At trial, the jury awarded Nalls $1,000 compensatory damages for inadequate summaries of the evidence and reasons for the Committee decision.
E. Plaintiff Armstrong
On February 9, 1980, Jeffrey Armstrong was charged in a resident disciplinary report with cursing and grabbing a guard in violation of A.R. 804 §§ (II)(A)-(1), (2), (4), (5) & (6).
The Adjustment Committee found Armstrong guilty and sentenced him to thirty days in segregation and a six-month demotion to C-grade status. The Committee, in the section “Basis for Decision/Evidence Relied Upon,” wrote: “Based on all available evidence, including the residents statements, the Adjustment Committee is convinced the resident is guilty of disregarding a prison rule, disrespect, cursing, and assaulting an employee by grabbing the employees arm.”
Armstrong testified that his proper requests for witnesses were denied. In the section “Witnesses Called,” the Committee wrote: “Witnesses were requested by the resident, however, based on the residents testimony, the Adjustment Committee is of the opinion the witnesses could offer no pertinent information or testimony to the situation.”
*1110The jury awarded Armstrong $1,500 compensatory damages for denial of Armstrong’s request to call witnesses and inadequate summaries of the evidence and reasons for the Committee decision.
F. Plaintiff Tedder
Paul William Tedder complains about the procedures used at twelve separate Adjustment Committee hearings conducted during 1979 and 1980. Defendants Hosier, She-horn, Santos, and Wheat sat as members of the Adjustment Committee during some of those hearings, and all refused to disqualify themselves despite Tedder’s protests that they were prejudiced against him because they were defendants in pending lawsuits Tedder had filed.

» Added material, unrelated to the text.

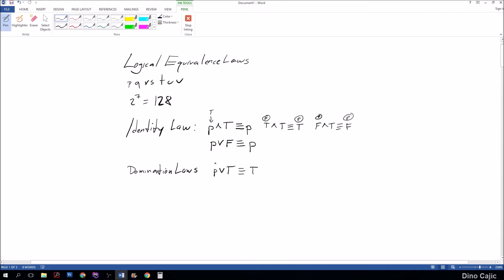Go ahead and look at the domination laws. So domination laws: you have P or true. Now we swap the symbol to P or true. Guess what, that's equivalent to true, because regardless of what P is, it will be true.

Tedder did not make advance written requests to call witnesses. The Committee denied his oral requests made during some of the hearings. The Adjustment Committee found Tedder guilty at all twelve hearings:
(1) August 4, 1979 — For violating A.R. 804 § (II)(A)-(4) (using improper language), punishment of seven days in segregation was reduced by the warden to a verbal reprimand.
(2) August 10, 1979 — For violating A.R. 804 §§ (II)(A)-(1) & (3) (refusing properly authorized work or housing assignments), a sentence of fifteen days in segregation was imposed.
(3) September 30, 1979 — For violating A.R. 804 §§ (II)(A)-(1) & (3), a sentence of fifteen days in segregation and fifteen days of C-grade status was imposed.
(4) November 3, 1979 — For violating A.R. 804 § (II)(A)-(1), a sentence of fifteen days in segregation, fifteen days of C-grade status, and loss of audio-visual privileges was imposed.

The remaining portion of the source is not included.